When one element in such a workflow is a turbulence code, whose outputs are inherently noisy due to the chaotic nature of the turbulence (intrinsic uncertainties), or if input data such as external sources contain uncertainties (extrinsic), these need to be propagated through different models of the workflow. The goal, therefore, is to produce temperature and density profiles, along with their confidence intervals. This information will then allow for an improved validation of the simulation results against the experimental measurements that come with error bars.

Uncertainty quantification in the existing fusion workflow is implemented with the VECMA open source toolkit¹, which provides tools to facilitate the verification, validation and uncertainty quantification (VVUQ) process in multiscale, multiphysics applications [3]. So far we have integrated two elements from this toolkit: the EasyVVUQ library [4] to incorporate uncertainty quantification (UQ) and sensitivity analysis (SA) in a non-intrusive manner, and the QCG Pilot-Job middleware [5] to execute efficiently the large number of tasks or samples prepared by EasyVVUQ.
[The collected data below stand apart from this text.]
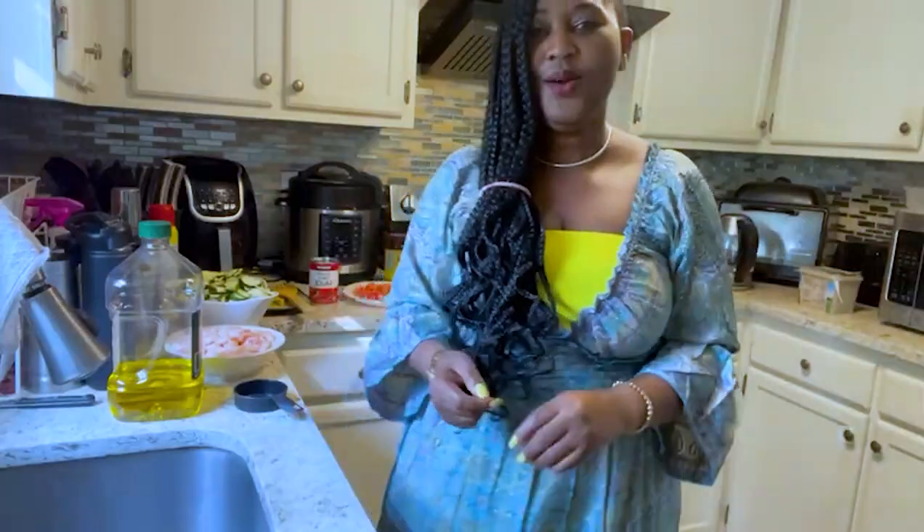Hello everyone, good afternoon, welcome to the Queen Cuisine cooking channel. I hope everyone is doing okay. Today we are going to be looking at how to make zucchini stew. Zucchini is a versatile squash that is rich in vitamins and minerals. It offers special health benefits ranging from improved digestion, lowering the risk of heart disease, and it's also known to help with bone health, thyroid, and posture.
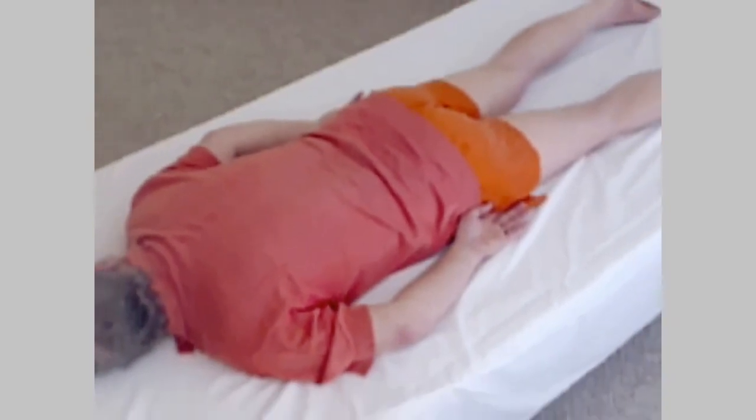That completes self-assessment of sacral position.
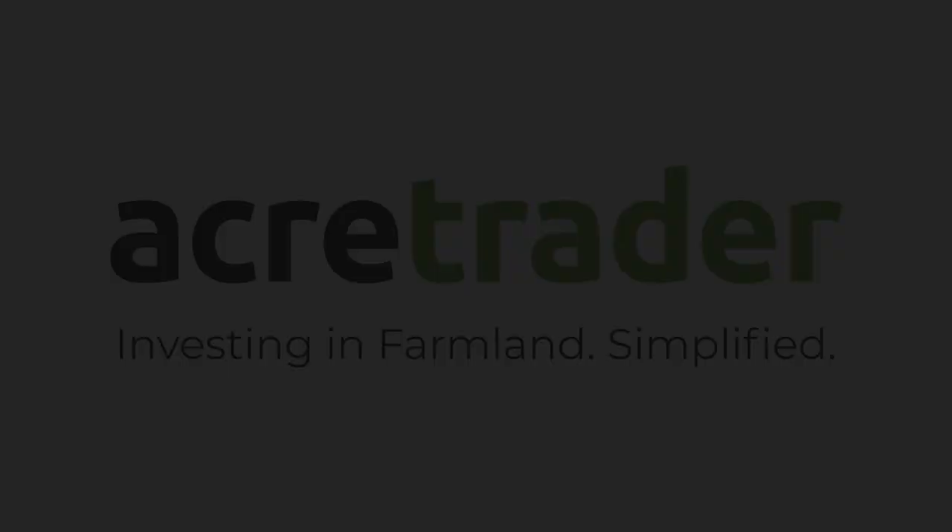This segment of Good Roots is made possible by support from AcreTrader.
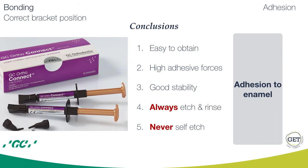We are going to start with adhesion to enamel, as it is the most common case in our practice. Adhesion to enamel is easy to obtain, it produces high adhesive forces, and it has good stability. It is very important to always use the etch and rinse technique and never use self-etch on enamel. I tried different systems and discovered that GC Auto Connect is the system to use primarily because it has an incorporated primer. So my protocol for adhesion to enamel is: etch and rinse, dry — and now the beauty — no need for bonding. Just apply GC Auto Connect, light cure, and it is done.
In this work we focus on the different sampling methods used to quantify the uncertainties, their results and performance for two different black box use cases: on the entire workflow for extrinsic uncertainties coming from the heating source terms and boundary conditions for temperature profiles (on electron and ions), and on the turbulence model for uncertain ions and electron temperatures values and gradients. This paper is organized as follows. After a brief overview on the background theory for uncertainty quantification, we present the various sampling methods used in our application that are also available in the EasyVVUQ. We then describe our two use cases together with UQ and SA results for the method that demonstrates the best performance. Finally, we conclude with future works related to more intrusive approaches.

2 Theory Overview

We consider a numerical model \(\mathcal {M}\) that has a number d of uncertain input parameters \(Q_1, Q_2, ..., Q_d\), and gives the output Y:

$$\begin{aligned} Y = \mathcal {M}(x , Q). \end{aligned}$$

(1)

Here, Q is the vector \([Q_1, Q_2, ..., Q_d]\) and x is a space variable. The model can also depends on other variables (e.g. time) and on additional but invariant input parameters. In this study we focus on the uncertain parameters \(({Q_i})_{i=1}^d\) and how the uncertainty is propagated through the model \(\mathcal {M}\). That way we can quantify the uncertainty in the output Y and identify the relative contribution of each \(Q_i\) into this uncertain result.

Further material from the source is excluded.